What I realized is that seracs have the same basic structure as basin-and-range fault systems, seen in extensional tectonic environments like those in the American Southwest (roughly covering the area from the Sierra Nevada east to western Texas). (The illustration at right is an abstraction of a basin-range "normal" fault.) In this region, and other similar ones like the Persian Gulf, the crust is extending, stretching outwards, as a continental plate divides itself in two. Huge blocks of crust break apart as the earth stretches, and tilt upwards at various angles, producing an extremely regular range-basin-range pattern. The ranges are all about the same height (roughly a mile) because the thickness of crust is roughly consistent. The exception here is the Sierra, which are higher (two to three miles) because they sit on thicker crust.
The odd similarity between seracs and basin-range systems caught my attention at a moment when the movement of earth has been much on my mind. An upcoming trip to Death Valley, as usual, prompted my tectonic ponderings. And thanks to Sunday's catastrophe in the Indian Ocean, tectonic upheaval has been heavily featured in the news these last few days. One of the most interesting pieces was in the NYT, where Simon Winchester reflects on the earthquake and its attendant curtain of water:
In recent decades, thanks largely to the controversial Gaia Theory developed by the British scientists James Lovelock, it has become ever more respectable to consider the planet as one immense and eternally interacting living system - the living planet, floating in space, every part of its great engine affecting every other, for good or for ill.Mr.
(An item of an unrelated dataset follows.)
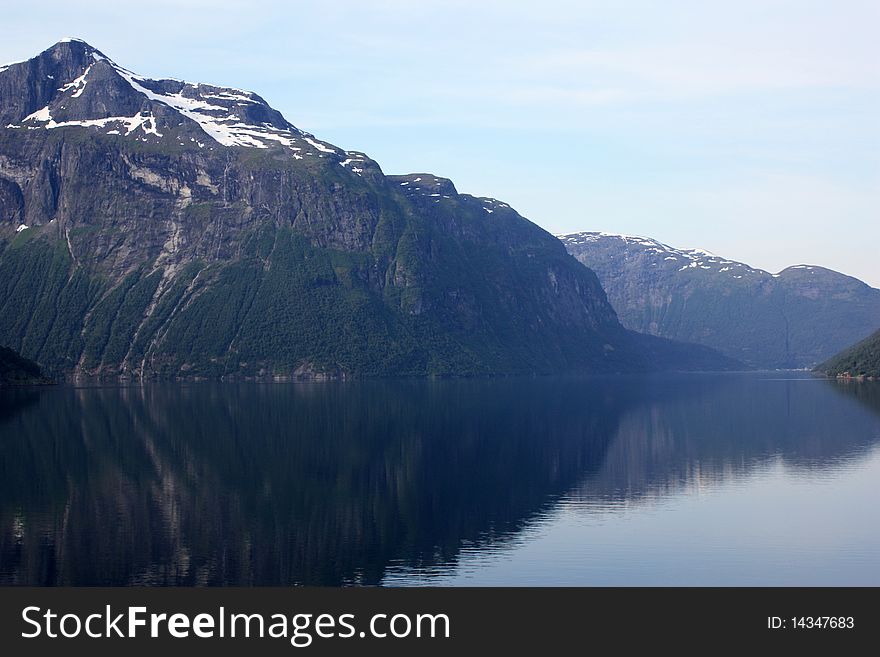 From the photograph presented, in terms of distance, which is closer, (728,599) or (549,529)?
(728,599)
Lovelock's notion, which he named after the earth goddess of the Ancient Greeks, makes much of the delicacy of the balance that mankind's environmental carelessness increasingly threatens. But his theory also acknowledges the somber necessity of natural happenings, many of which seem in human terms so tragically unjust, as part of a vast system of checks and balances. The events that this week destroyed the shores of the Indian Ocean, and which leveled the city of Bam a year ago, were of unmitigated horror: but they may also serve some deeper planetary purpose, one quite hidden to our own beliefs.
The deep structure of two radically disparate systems: ice and rock, both incomprehensibly huge blocks of solid matter cracked into pieces by slow, slow forces we can't even imagine. The forces that cause the cracking leave the pieces perched precariously above us, while we wait for the tension to become too great. Eventually, the fault will slip, or the block will tumble down the slope, and in neither case will it care that we are in its way.